[HN Gopher] Deep neural networks as computational graphs (2018)
___________________________________________________________________
Deep neural networks as computational graphs (2018)
Author : softwaredoug
Score : 79 points
Date : 2023-05-21 13:09 UTC (1 days ago)
(HTM) web link (medium.com)
(TXT) w3m dump (medium.com)
| dynamite-ready wrote:
| Wasn't that the paradigm behind Tensorflow?
| dkislyuk wrote:
| As another commenter said, viewing a neural network as a
| computation graph is how all automatic differentiation engines
| work (particularly reverse-mode where one needs to traverse
| through all the previous computations to correctly apply the
| gradient), and there were several libraries predating
| Tensorflow following this idea. The initial contribution of
| Tensorflow and PyTorch was more about making the developer
| interface much cleaner and enabling training on a wider range
| of hardware by developing a bunch of useful kernels as part of
| the library.
| dekhn wrote:
| I always thought of seeing most computations of functions as
| computational graphs- at least, when I used MathLink to
| connect Mathematica to Python, it basically gives you a
| protocol to break any Mathematica function into its
| recursively expanded definition. Konrad Hinsen suggested
| using python's built-in operator overloading, so if you said
| "1 + Symbol('x')" it would get converted to "Plus(1,
| Symbol('x')) and then sent over MathLink to Mathematica,
| which would evaluate Plus(1, x), and return an expression
| which I'd then convert back to a Python object
| representation.
|
| I don't think we talked about doing any sort of automated
| diff (in my day we figured out our own derivatives!) but
| after I made a simple eigendecomp of a matrix of floats, the
| mathematica folks contributed an example that did eigendecomp
| of a matrix with symbols (IE, some of the terms weren't 5.7
| but "1-x").
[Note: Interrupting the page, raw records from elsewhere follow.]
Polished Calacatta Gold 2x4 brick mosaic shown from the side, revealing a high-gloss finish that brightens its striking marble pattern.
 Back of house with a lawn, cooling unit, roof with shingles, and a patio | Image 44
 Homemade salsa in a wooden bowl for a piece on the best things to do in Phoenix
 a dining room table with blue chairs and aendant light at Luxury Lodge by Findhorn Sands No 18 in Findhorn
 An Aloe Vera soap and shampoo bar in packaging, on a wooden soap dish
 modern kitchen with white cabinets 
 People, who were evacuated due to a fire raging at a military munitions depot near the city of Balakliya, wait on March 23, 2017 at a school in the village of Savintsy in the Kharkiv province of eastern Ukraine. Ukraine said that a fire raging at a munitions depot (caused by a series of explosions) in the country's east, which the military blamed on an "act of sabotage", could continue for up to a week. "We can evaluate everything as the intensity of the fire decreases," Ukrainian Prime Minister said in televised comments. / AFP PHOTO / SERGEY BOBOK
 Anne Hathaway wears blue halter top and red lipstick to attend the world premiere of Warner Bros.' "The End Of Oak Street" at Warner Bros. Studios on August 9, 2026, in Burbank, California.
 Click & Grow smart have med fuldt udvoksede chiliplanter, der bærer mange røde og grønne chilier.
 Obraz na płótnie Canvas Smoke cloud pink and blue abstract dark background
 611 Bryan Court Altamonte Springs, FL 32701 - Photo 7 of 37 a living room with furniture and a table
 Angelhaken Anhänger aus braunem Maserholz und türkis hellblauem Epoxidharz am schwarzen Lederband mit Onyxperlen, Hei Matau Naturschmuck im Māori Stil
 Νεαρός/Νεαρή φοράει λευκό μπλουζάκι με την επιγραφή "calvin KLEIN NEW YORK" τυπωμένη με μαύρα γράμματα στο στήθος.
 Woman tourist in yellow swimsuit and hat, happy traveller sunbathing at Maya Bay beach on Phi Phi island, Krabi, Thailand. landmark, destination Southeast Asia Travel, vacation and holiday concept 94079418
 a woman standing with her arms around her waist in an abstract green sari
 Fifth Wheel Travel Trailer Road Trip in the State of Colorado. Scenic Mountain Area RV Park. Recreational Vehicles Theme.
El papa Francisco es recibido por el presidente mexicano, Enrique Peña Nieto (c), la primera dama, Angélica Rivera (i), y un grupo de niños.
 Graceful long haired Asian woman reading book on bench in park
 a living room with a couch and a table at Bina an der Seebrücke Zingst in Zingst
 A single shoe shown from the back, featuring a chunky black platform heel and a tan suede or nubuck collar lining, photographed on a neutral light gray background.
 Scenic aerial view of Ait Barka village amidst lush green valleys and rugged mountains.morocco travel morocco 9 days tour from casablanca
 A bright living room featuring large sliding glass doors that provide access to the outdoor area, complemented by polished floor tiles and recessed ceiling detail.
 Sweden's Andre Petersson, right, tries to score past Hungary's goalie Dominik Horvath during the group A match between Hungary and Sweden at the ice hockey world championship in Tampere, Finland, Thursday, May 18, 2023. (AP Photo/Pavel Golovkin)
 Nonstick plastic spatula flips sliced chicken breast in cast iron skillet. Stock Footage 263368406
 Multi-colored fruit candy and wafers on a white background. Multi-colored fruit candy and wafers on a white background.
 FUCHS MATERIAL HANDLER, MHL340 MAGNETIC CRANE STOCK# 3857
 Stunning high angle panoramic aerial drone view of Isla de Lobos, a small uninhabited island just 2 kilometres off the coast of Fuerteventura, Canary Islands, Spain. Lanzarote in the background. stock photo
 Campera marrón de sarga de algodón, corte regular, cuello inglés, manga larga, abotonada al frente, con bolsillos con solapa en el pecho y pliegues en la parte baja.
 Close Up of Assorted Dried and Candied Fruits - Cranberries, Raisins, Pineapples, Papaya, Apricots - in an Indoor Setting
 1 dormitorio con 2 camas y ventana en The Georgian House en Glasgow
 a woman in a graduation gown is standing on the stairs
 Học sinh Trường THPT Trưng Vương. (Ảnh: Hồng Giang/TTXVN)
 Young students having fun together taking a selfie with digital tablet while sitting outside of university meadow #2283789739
Still kind of blows my mind today how much
| mathematica can do with computation graphs.
|
| IIUC this is the basis of LISP as well.
| ggr2342 wrote:
| AFAIK it was first brought forward by PyTorch. I may be wrong
| though.
| mhh__ wrote:
| PyTorch's insight was to be very dynamic and simple. The
| underlying model is basically the same with the caveat that
| tensorflow uses/used something called a "tape".
| HarHarVeryFunny wrote:
| Before PyTorch there was Torch (which was Lua-based, hence
| the Py- prefix of the follow on PyTorch). With Torch, like
| the later TensorFlow 1.0, you first explicitly constructed
| the computational graph then executed it. PyTorch's later
| innovation was define-by-run where you just ran the code
| corresponding to your computational graph and the framework
| traced your code and built the graph behind the scenes...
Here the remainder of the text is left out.